Souplesse à nouveau et vivacité pleine de panache dans sa conduite de l’air de Daland, « Mögst du, mein Kind », qui met en valeur le timbre assez noir de Brindley Sherratt, dont la faconde rendrait presque sympathique le bonhomme.
Mais le sommet de cet acte et peut-être de l’opéra, c’est bien sûr le duo entre le Hollandais et Senta. Avec d’abord une aria, « Wie aus der Ferne », où Gerald Finley est d’une douceur de phrasé, d’une langueur mélancolique, d’un velouté, et d’une beauté de ligne irrésistibles. Et d’ailleurs Senta ne lui résistera pas.

La transfiguration de Senta
Le duo proprement dit est impressionnant. On ne peut pas ne pas avoir en mémoire le duo Birgit Nilsson-Hans Hotter. On est dans un paysage vocal de cette couleur et de cette hauteur. Seule réserve, la puissance de Mme Davidsen a tendance à couvrir les subtilités de Gerald Finley, qui gomme le côté démoniaque qu’on prête souvent au personnage, pour n’en éclairer que mieux la souffrance.
Mais le chant marmoréen de cette Senta surdimensionnée prend ici toute sa valeur, pour exprimer la transfiguration de la jeune femme, acceptant son destin et le puissant sortilège (mächtiger Zauber) qui l’emporte.
La vaste scène confrontant les marins norvégiens aux jeunes filles du village, puis aux marins du Hollandais met en valeur la solidité du Chœur de l’Opéra de Norvège (et au passage la virtuosité de Wagner, passant d’une atmosphère de fête à une formidable tempête). Les brèves interventions du Pilote sont ici l’occasion de réentendre Eirik Grøtvedt, ténor lyrique, dont l’air d’entrée « Mit Gewitter und Sturm » avait été particulièrement remarquable, avec dans sa deuxième partie des effets d’allègements et une beauté de ligne rappelant tout ce que Wagner doit à l’école italienne…
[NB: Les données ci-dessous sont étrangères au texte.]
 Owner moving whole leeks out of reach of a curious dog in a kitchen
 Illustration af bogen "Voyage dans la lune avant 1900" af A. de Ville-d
Introduit par une très belle cavatine d’Erik où Stanislas de Barbeyrac sera à nouveau superbe d’ampleur et de chaleur (avec un judicieux passage en voix mixte sur mir Liebe), le final de l’opéra, dans son efficacité (la fulgurance des finals sera désormais une spécialité de Wagner), sera mené par Gardner d’une main résolue.
Noblesse
Avec un autre grand moment de Gerald Finley, le récit « Vom Fluch eun Weib » : l’heure est venue pour lui d’avouer qu’il est le Hollandais volant et d’avertir Senta que, si elle le trahissait, elle serait vouée à la damnation éternelle. À nouveau c’est la noblesse du personnage que Finley fait rayonner, avec une puissance montant du plus profond de lui-même.
Les précautions du marin maudit seront inutiles : Senta savait depuis longtemps qu’elle le suivrait jusqu’au bout et les deux si aigus sur Treu puis sur treu (fidélité et fidèle) seront l’apothéose de Davidsen, décidément à son aise dans le registre héroïque.
Et tout s’apaisera dans un bienfaisant accord de ré majeur, en guise de point d’orgue à cette très belle version d’un opéra qui en somme revient à son port de départ ou presque, puisque c’est lors d’une escale forcée en Norvège que Wagner entendit en juillet 1839 sur le port de Sandwike interpeller une certaine « tjenta »… Le mot qui signifie « servante » allait devenir quatre ans plus tard le nom de son héroïne.